→ **Problem**: Copy word for word the lines of the records below, beginning at the one with "Crew Neck Sweatshirt, 37th" and finishing at the one with "Marija sa svojim trenerom", ends included, but none of the pictures.

→ **Dataset excerpts**:
>>>>

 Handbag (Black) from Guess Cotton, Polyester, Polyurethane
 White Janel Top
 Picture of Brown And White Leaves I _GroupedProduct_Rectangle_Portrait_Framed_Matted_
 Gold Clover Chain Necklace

<<<<
>>>>

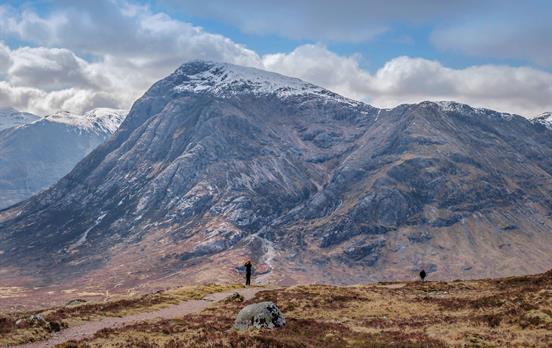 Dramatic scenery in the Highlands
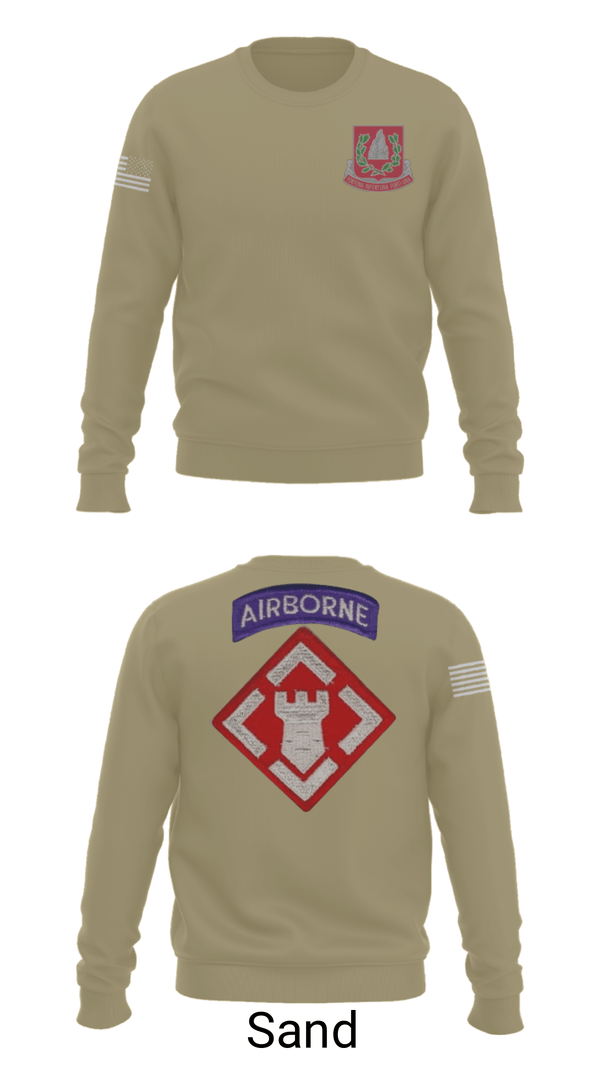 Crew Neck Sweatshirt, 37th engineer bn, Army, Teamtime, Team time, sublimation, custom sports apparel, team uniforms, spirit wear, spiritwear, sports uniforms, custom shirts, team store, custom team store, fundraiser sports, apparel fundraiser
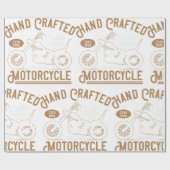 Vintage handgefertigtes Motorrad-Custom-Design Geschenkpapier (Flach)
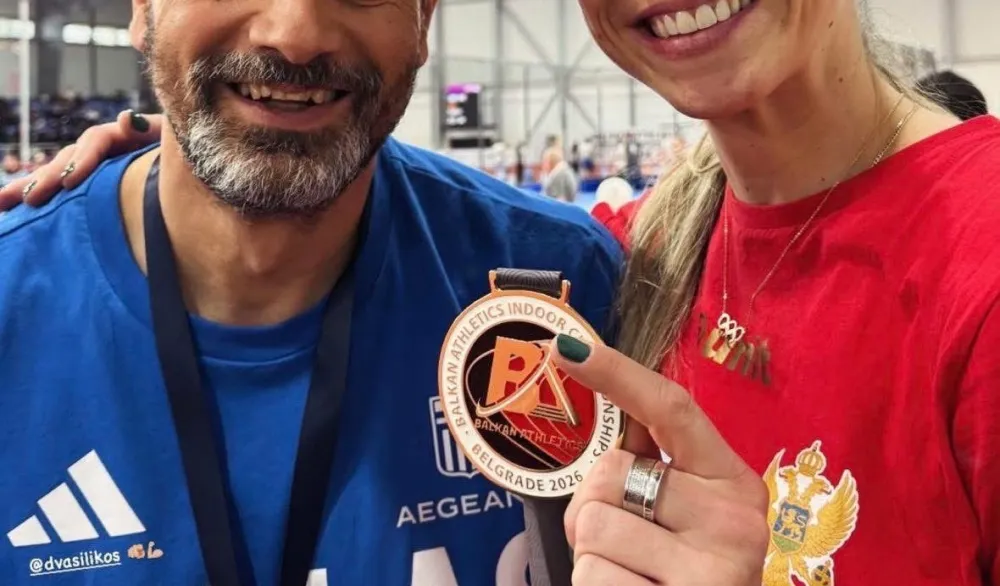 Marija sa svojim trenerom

<<<<

→ **Exercise output**:
 Crew Neck Sweatshirt, 37th engineer bn, Army, Teamtime, Team time, sublimation, custom sports apparel, team uniforms, spirit wear, spiritwear, sports uniforms, custom shirts, team store, custom team store, fundraiser sports, apparel fundraiser
 Vintage handgefertigtes Motorrad-Custom-Design Geschenkpapier (Flach)
 Marija sa svojim trenerom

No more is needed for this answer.